Thursday, January 5, 2012

On A Snooze Day: A Theater Review


I've been doing a lot of trips to the theater during my brief stay in New York, and I feel obligated to review everything I've seen.  But its really hard when a show is as simply boring as On A Clear Day You Can See Forever is.  It's the sleepiest show that I've ever seen that I didn't actually fall asleep during.  I'm going to try to organize my thoughts though.  Just in case you are the one person dying to see this.

The concept of this version of On A Clear Day centers around David (David Turner), a twenty-something florist who is good with flowers but bad with people.  He has trouble fully committing to his sweet boyfriend Warren (Drew Gehling) and eventually winds up trying to solve his problems through hypnosis with therapist Mark Bruckner (Harry Connick Jr).  Mark is a widower who has his own issues connecting with people.  Mark slowly finds himself mesmerized by Melinda (Jessie Mueller), the woman from a former life that David turns into under hypnosis.  Of course Mark's interest in Melinda makes David think he likes him, leading everyone to be in love with someone they can't have.  David finally learns why Mark has been so interested in their sessions and eventually returns to Warren, while Mark claims to have learned something from the whole ordeal (What?  I don't know) and is ready to finally move on.


I typically like director Michael Mayer a lot.  Thoroughly Modern Millie, Spring Awakening and American Idiot  are some of my favorite musicals.  I also respect trying to do something different with a piece of pre-existing theater.  In this case however, I'm not sure if was worth the while.  On A Clear Day was originally written with a female protagonist and while switching the gender so that the love triangle involves a gay man pining after a straight man pining after a dead woman makes things a little unique, it doesn't better or further the story.  I'm sure that as it was originally written, there was a thought in the audiences' mind that Mark may indeed end up with his patient.  Connick plays the role here so that Mark never doubts his own sexuality, not even after kissing David.  You never believe he has any interest in his subject other than him being  a vehicle for Melinda.  It's like how Demi Moore never acknowledges that she is really dancing with Whoopi Goldberg.  Knowing exactly how this has to end for everyone gives the whole thing absolutely no stakes.  I have no idea why we are supposed to care.

The characters don't make it any easier and the actors don't put all that much into playing them.  Harry Connick Jr. has that lovely voice, but he kind of seemed to be sleepwalking through the show.  Maybe that's because Mark is sleepwalking through life, but I never felt his love for Melinda, nor his remorse for what he had done at the end.  Turner fares even worse as David.  The character comes across as immature and selfish and when Mark later refers to him as charming and charismatic I was certain that he was watching a different play.  Mueller has a great voice and made Melinda likeable, but I could never quite warm to her character knowing she was a weird not real/dead hybrid.  Gehling was nice as the put upon boyfriend and I hear that he is a lovely person, so he gets props for that.  But truthfully, no amount of talent could make this show interesting.  The odds were stacked against them.

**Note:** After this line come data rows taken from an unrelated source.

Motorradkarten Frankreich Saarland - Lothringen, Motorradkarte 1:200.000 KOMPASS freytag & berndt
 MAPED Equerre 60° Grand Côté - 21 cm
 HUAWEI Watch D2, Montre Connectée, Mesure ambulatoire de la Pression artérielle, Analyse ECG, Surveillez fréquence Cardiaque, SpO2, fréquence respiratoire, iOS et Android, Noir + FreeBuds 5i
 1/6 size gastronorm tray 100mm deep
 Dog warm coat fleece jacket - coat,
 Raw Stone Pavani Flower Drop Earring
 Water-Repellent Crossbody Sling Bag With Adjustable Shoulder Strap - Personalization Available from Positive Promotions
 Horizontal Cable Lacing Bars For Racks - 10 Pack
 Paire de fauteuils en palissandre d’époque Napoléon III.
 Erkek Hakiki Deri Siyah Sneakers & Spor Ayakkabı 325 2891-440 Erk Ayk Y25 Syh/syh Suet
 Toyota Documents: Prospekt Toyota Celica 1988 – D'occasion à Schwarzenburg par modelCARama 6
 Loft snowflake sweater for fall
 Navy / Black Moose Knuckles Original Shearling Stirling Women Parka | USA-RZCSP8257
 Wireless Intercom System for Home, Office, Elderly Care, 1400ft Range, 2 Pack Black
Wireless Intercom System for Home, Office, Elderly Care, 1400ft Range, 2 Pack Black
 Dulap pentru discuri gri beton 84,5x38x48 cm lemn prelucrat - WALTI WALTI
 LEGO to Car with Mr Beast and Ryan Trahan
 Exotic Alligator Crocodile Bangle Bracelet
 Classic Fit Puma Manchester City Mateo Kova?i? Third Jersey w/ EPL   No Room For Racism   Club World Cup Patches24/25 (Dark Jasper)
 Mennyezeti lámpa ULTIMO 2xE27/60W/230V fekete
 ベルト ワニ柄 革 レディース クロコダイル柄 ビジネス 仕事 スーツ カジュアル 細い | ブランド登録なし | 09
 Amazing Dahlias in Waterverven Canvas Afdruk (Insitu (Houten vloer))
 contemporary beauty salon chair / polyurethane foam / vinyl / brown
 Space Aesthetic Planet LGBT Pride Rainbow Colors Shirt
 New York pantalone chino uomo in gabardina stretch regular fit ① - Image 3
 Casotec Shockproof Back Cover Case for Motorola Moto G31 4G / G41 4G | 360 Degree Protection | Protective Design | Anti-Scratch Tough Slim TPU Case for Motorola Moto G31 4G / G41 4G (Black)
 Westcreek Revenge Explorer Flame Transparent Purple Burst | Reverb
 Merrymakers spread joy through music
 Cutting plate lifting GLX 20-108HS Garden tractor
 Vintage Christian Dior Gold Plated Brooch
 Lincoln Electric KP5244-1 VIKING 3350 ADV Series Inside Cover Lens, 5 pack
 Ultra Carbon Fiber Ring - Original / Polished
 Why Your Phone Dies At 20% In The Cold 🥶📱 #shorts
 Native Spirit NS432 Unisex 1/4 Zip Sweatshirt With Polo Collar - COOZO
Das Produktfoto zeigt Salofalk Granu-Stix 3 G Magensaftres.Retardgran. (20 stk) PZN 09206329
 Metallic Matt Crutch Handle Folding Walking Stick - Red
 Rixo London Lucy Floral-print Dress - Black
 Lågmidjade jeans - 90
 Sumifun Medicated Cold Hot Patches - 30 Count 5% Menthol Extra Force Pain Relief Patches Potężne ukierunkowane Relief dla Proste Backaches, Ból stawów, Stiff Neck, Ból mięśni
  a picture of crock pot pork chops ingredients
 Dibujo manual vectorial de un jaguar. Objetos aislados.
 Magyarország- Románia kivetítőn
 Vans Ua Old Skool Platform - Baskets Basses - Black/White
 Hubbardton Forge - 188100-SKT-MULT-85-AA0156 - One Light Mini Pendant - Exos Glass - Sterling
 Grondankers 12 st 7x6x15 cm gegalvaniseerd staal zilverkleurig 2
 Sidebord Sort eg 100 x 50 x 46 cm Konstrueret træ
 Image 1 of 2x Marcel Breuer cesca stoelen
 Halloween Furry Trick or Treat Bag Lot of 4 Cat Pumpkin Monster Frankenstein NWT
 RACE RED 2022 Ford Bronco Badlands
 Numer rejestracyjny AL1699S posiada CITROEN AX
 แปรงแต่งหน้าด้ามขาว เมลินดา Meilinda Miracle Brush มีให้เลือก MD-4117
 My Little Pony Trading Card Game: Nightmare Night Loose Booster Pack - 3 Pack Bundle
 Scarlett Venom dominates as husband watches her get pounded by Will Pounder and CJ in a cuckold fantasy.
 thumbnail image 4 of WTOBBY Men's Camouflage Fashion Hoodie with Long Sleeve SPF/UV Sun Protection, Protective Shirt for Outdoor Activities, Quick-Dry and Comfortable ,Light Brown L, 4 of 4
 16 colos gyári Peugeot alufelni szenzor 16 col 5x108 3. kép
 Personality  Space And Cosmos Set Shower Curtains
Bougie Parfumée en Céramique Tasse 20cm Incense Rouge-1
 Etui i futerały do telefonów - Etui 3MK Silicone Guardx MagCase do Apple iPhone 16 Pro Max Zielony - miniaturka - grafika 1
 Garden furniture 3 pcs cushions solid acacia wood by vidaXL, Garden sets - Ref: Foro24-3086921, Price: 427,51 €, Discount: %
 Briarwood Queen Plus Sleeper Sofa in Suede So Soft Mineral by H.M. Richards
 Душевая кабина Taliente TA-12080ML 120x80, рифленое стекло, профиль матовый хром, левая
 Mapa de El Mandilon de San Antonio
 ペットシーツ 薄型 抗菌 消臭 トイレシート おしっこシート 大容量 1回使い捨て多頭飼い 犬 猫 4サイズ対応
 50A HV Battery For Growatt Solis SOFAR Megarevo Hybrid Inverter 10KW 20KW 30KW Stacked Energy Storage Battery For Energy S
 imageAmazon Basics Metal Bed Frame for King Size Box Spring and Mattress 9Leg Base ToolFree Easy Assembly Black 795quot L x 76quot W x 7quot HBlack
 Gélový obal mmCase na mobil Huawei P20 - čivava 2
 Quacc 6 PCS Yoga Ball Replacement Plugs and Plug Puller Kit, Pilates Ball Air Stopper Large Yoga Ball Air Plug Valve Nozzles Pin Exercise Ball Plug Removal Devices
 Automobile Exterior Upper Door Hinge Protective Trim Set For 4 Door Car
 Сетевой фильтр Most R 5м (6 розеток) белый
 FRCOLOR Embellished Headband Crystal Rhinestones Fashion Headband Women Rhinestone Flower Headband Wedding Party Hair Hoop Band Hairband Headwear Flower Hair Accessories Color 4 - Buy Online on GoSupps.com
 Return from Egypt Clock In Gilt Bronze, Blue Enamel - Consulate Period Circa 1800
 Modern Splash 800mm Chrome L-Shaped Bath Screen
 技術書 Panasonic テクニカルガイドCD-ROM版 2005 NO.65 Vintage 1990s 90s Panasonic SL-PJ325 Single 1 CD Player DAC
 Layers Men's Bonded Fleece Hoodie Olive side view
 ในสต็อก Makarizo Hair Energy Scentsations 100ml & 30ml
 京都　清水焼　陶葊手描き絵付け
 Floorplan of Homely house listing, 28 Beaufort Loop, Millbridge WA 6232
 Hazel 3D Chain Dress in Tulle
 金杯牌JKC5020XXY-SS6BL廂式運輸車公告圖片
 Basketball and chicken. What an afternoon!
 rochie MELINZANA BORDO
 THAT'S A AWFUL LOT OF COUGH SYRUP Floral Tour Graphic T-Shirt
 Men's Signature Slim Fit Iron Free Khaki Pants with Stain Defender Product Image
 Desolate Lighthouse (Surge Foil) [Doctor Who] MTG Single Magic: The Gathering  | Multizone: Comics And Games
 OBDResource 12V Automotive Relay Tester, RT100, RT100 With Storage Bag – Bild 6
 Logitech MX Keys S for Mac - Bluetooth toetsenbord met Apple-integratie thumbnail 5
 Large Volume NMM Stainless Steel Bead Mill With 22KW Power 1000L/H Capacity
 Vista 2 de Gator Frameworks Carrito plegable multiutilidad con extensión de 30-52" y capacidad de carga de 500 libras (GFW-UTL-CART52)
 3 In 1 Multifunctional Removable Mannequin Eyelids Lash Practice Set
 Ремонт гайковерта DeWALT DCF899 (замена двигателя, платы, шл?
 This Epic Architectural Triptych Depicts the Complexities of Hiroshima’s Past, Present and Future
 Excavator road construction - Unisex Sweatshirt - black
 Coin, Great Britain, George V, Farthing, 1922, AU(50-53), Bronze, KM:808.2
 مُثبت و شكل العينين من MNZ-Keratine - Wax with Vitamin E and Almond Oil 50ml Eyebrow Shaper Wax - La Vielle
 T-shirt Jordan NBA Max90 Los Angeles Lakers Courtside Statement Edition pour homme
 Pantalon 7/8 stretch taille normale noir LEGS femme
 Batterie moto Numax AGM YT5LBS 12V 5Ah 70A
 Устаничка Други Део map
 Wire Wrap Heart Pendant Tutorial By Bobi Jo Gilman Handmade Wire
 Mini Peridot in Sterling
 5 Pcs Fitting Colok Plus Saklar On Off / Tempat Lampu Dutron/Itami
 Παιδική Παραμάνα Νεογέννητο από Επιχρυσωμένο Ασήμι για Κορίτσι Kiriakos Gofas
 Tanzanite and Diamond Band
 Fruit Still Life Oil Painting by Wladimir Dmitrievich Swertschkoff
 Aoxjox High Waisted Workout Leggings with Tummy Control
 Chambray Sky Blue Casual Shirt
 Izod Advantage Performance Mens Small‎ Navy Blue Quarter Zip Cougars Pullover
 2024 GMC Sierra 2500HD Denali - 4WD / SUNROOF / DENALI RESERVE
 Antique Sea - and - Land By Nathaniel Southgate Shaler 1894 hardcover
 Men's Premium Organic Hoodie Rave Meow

In my playbill Mayer talked about listening to the cast recording non stop growing up.  Why Michael, Why?!  The music in this show is incredibly dull.  The only song that had any punch was the final number; the title song.  It got stuck in my head for about five minutes before disappearing forever. (Side note:  What the hell do the lyrics in this song have to do with the show?  Is there any point to any of this?) The only thing worse than the music was the physical look of the production.  The sets and costumes were seventies to the max, but that bad burnt orange/brown/avocado look that people have been forcing out of their kitchens for years. It was eye torture.

I'm not really sure why On A Clear Day happened.  With so many struggling Off-Broadway productions dying to get some funding to make it to the big leagues, I'm a bit disappointed that a show like this gets to  make it.  But I guess it has its functions.  Insomniacs should flock to the show in droves.  I have a feeling it will provide a much needed, if not expensive, two hour nap.  If you're not interested in that, I recommend skipping this one.  Your eyes, ears and general sense of happiness with thank me.